Around 1140, a rather shadowy Italian cleric named Gratian produced a Concordia discordantium canonum (‘Harmony of Discordant Canons’), known as the Decretum Gratiani, a massive anthology of key passages from the Bible, the Church Fathers, Church Council rulings and papal bulls and letters. Gratian’s compendium arranged these extracts in an impressively systematic framework, facilitating their use by teachers and preachers whose busy schedules precluded immersion in the sources. About a hundred years later, the Decretum was supplemented by the Decretals of Gregory IX, largely the work of Raymond of Peñafort and William of Rennes. Together, these constitute the classics of Catholic canon law.

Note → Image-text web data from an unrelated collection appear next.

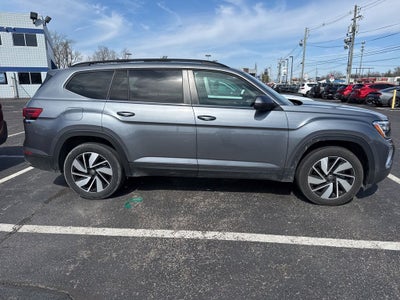 2025 Volkswagen Atlas 2.0T SE w/Technology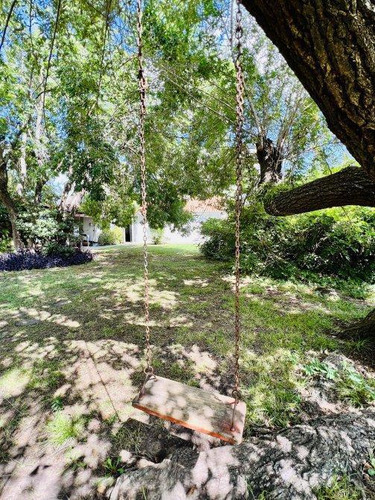 En Venta Casa De 2 Dormitorios Barrio El Trebol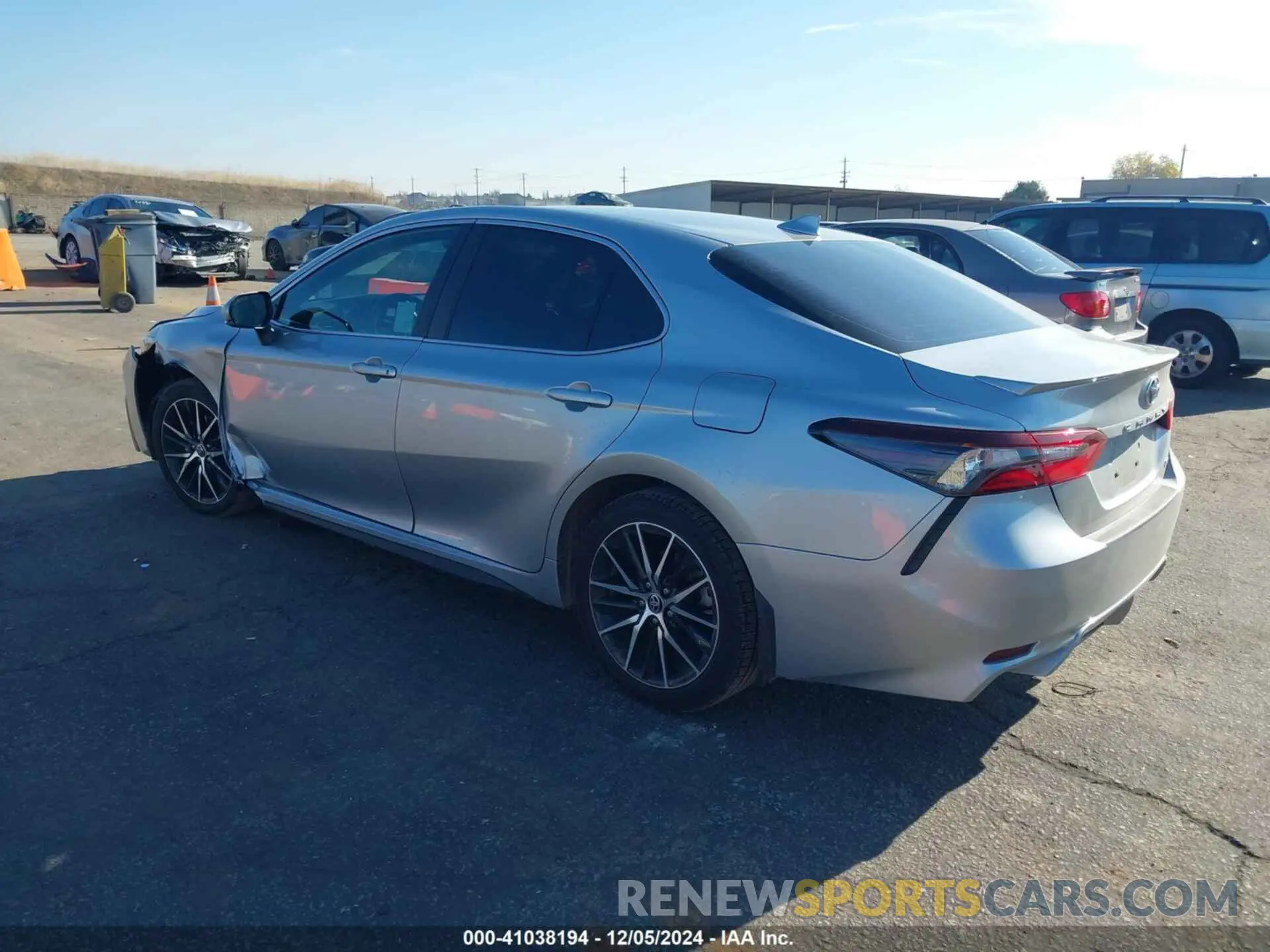 3 fotografías del automóvil dañado 4T1T11AK3NU630736 TOYOTA CAMRY 2022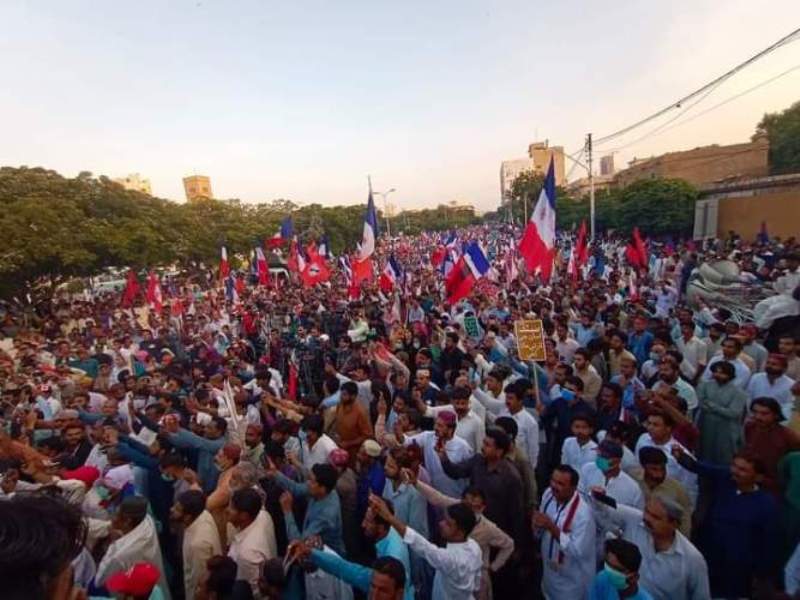 Sindhi community people demonstrate against Pakistan govt's decision to annex Sindh Islands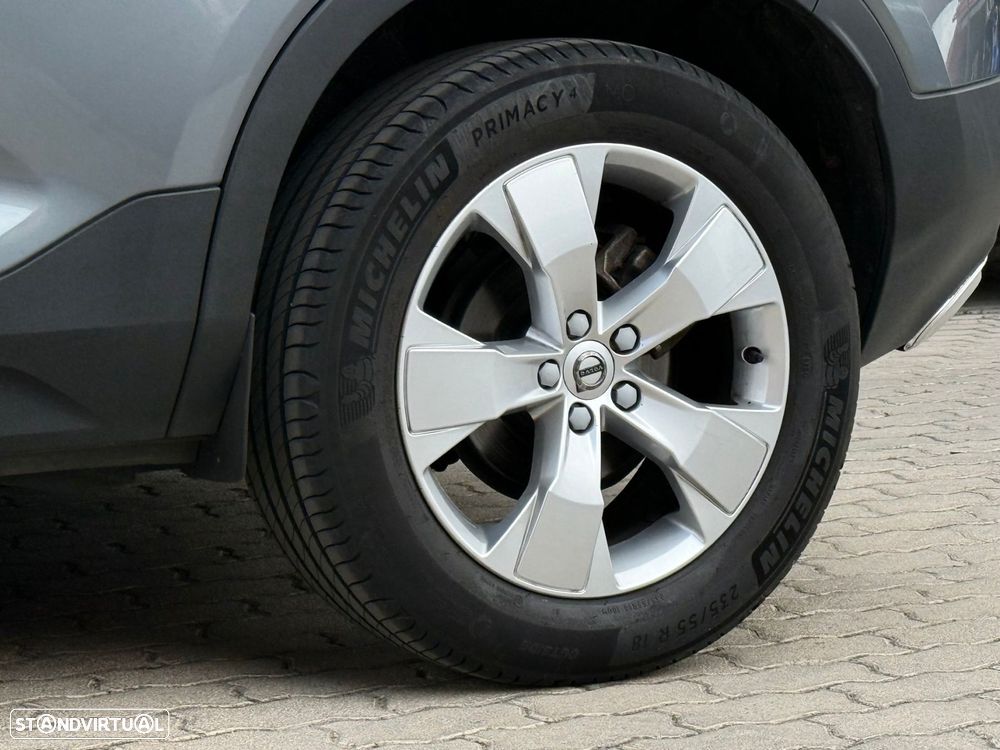 Volvo XC 40 1.5 T3 Momentum Tech Edition - 7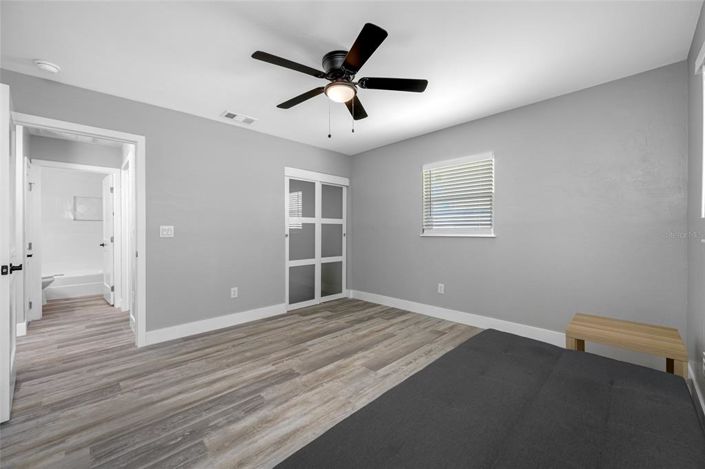 Image No.20-2 Bed Property for sale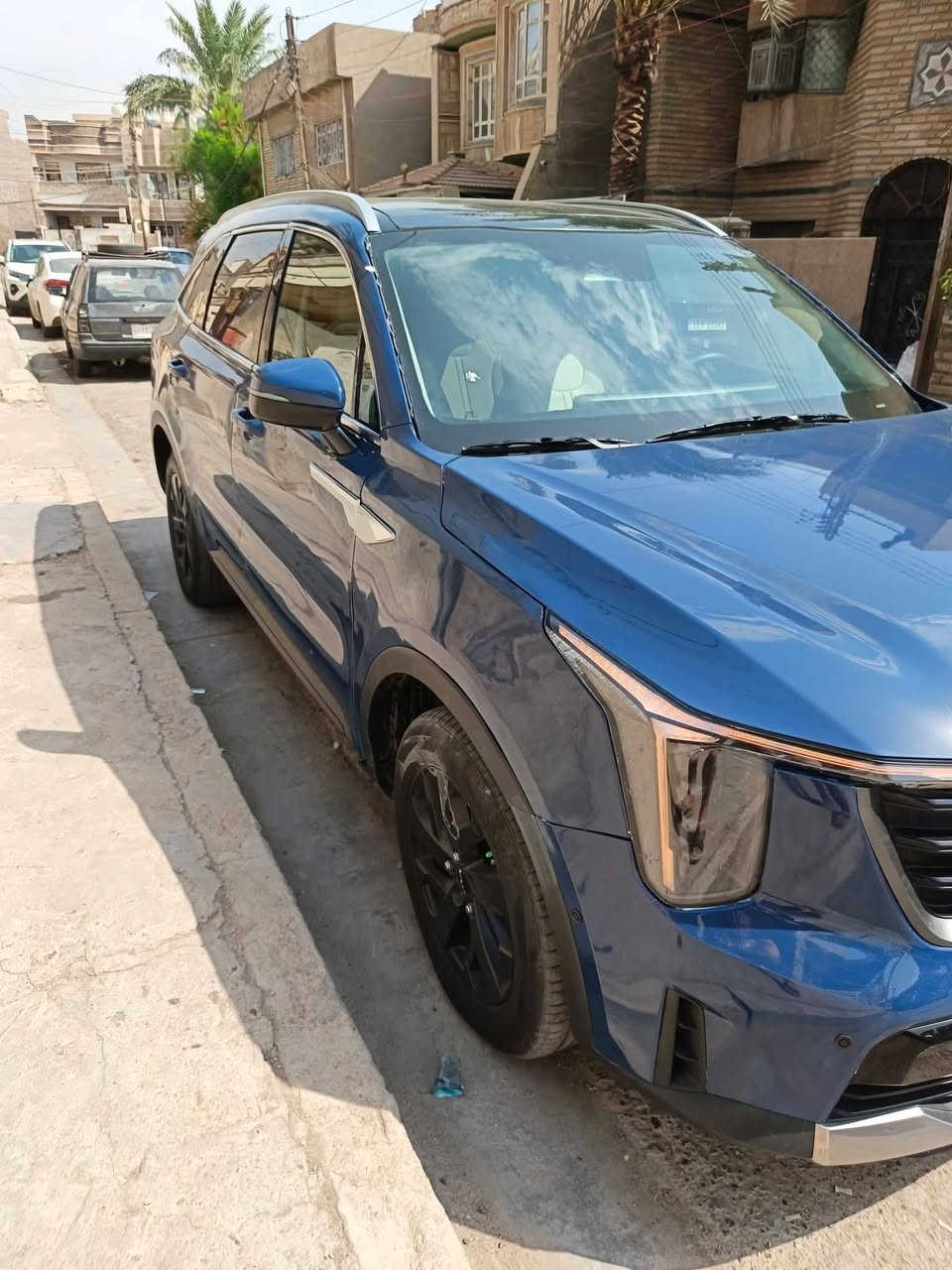 ‏سورنتو كلش جديدة بسعر مناسب جدا 
‏
‏بيع فقط بدون مراوس بيع فقط
‏
‏سورنتو EX موديل 2025 دخول جديد 
‏شهداء باسم اقاربي ترقيم مجاني ماشية 4 الف فقط 
‏مواصفات عادية 
‏بانورما بصمة شاشة كشنات كهرباء وجلد وتدفئ وتبريد  جنطة كهرباء 6 مقاعد سياحية داخل ابيض جلد اربع عدسات ‏محرك 2500 تيربو شرط بانزين عادي بدون ذرة ادفانز ‏تبريد مناخي شاشة متصلة رادارت كامرات وغيرها من المواصفات العادية 
‏نواقص السيارة وحشاكم من النقص 
‏رادر امامي يحتاجلة ثتبيت ضاربة خشابي ، الجامة الامامية  عكس السايق مرات تصعد مرات تشكل ،  اكو دوية خفيفة بالبلبرن الامامي الايسر بس ماينسمع الاتركز ، الكامرة الخلفية بيها جني مرات تتشغل مرات تغوش اكو تريشة ضاربها امير ، حساس تاير يحتاج ترتبها يعني شغلات متوكف او تحب تعوفهن 
‏السيارة مصبوغة قطع ابيعلك حزام حتى ترتاح يعني لابنيد ولاجنطة ولاجاملغ ولاباب بيها صبغ بس ابيعلك حزام بدون شاصي ولغد كفالة 
‏متفيد النحس الي يدور كلين ويجيب خمسة ستة وياه ويلعبون نفسه . 
‏تفيد الجناي ويدور سيارة مامشية ومايهتم للصبغ . 
‏سيارة جاهزة ترقيم مجاني فقط رسم بسيط  بنفس اليوم تترقم  ماشية قليل تبريد ثلاجة بلادي الغاز مي الشركة حتى لزكات الشركة بعدها بيها . 
‏السعر 149 ورقة بسعر النترا 
‏مكاني بغداد السيدية حي الاعلام شارع البدالة 
‏هاتف ***********
‏وبالخير على الي تكون من نصيبة
‏بشرفك اقرا الاعلان زين حتى ماتتعب بالاتصال ويتكرر الكلام 
‏بيع فقط بدون مراوس بيع فقط
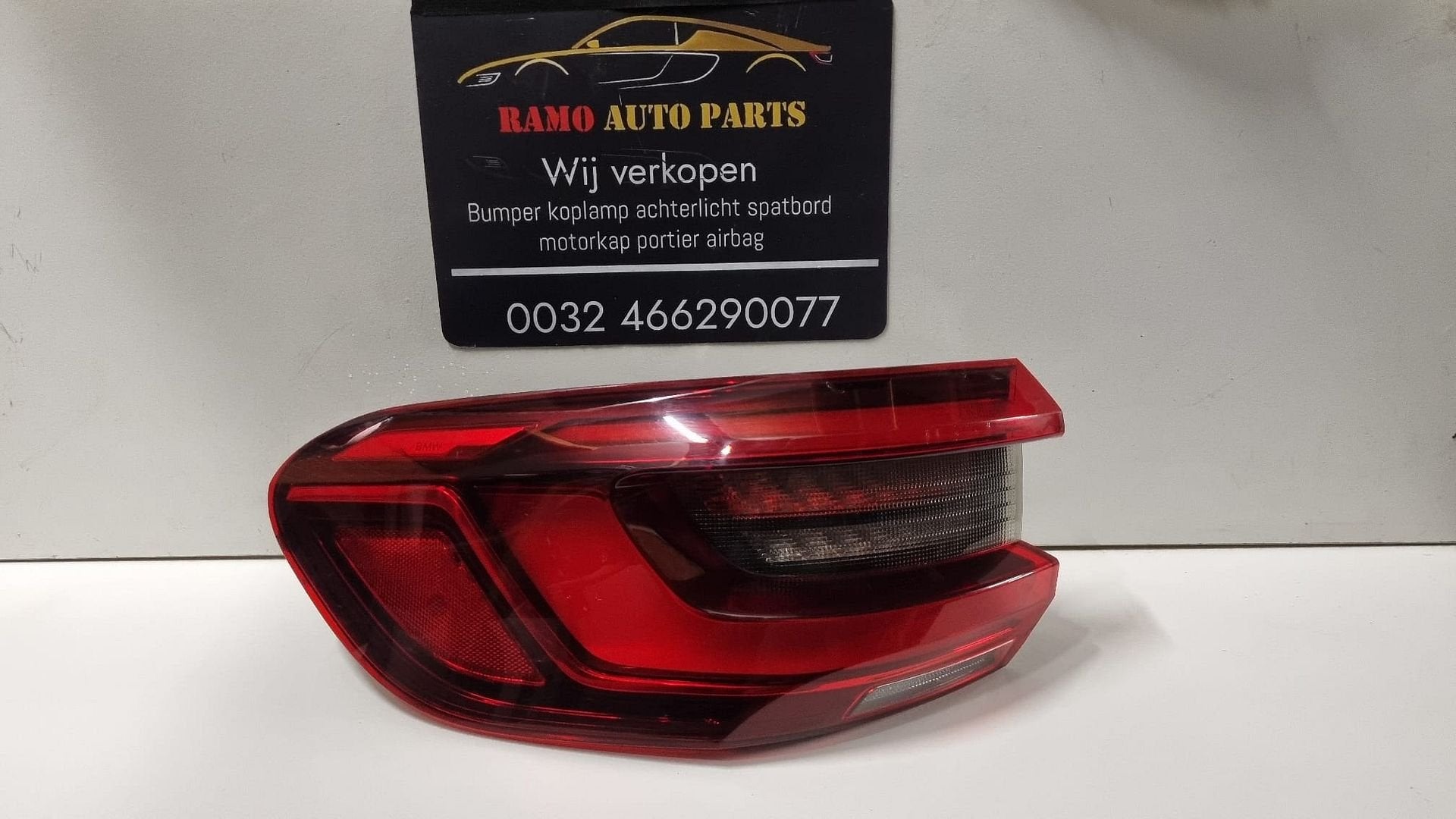 BMW X5 G05 LCI LINKS LED ACHTERLICHT H3744225908, Gebruikt, -, -, Ophalen of Verzenden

Those unfamiliar with Gratian’s Decretum and its supplement are likely to suppose that these ‘dictionaries of quotations’ were of interest only to canon lawyers and other churchmen. But the range of questions they covered included issues central to secular life. For instance, my recent work on the mid-16th-century Spanish debate over the justice of the New World conquests has impressed on me the vital importance of the 23rd section of the second book of the Decretum, on just (and unjust) war.

David Lupher
Tacoma, Washington

Strictly Speaking

It’s a small point, but the twelve thousand corrections officers at Rikers Island in 1992 would not make ‘a battalion’, as Sarah Resnick writes, but rather twelve battalions or a somewhat large division (LRB, 22 September).

Johan Enegren


‘A number of truly adventurous oddities made it to the small screen’ in the 1970s, Jonathan Coe writes (LRB, 18 August). One he doesn’t mention is the BBC’s Survivors, a drama series about the people who remain after a plague wipes out most of humanity. In the first episode the scriptwriters cheerfully write out 99.98 per cent of the world’s population; in the second, one of the survivors, in search of useful allies, leaves a badly injured man to die in agony; and in the ninth, a man with learning difficulties is executed by his group for a murder they then discover he didn’t commit. This last storyline did not make it into the BBC’s insipid remake in 2008.

Nick Wray
Coldingham, Berwickshire

On the Slip Road

Nat Odgers writes that everyone who picked her up in the course of a successful hitchhiking trip said that ‘they never saw hitchhikers these days’ (Letters, 6 October). I made several long hitchhiking trips in the mid-2000s, from the Arctic Circle to Odessa, and was often told the same. I always pointed out that a driver only sees an unsuccessful hitchhiker – the good ones already have a ride.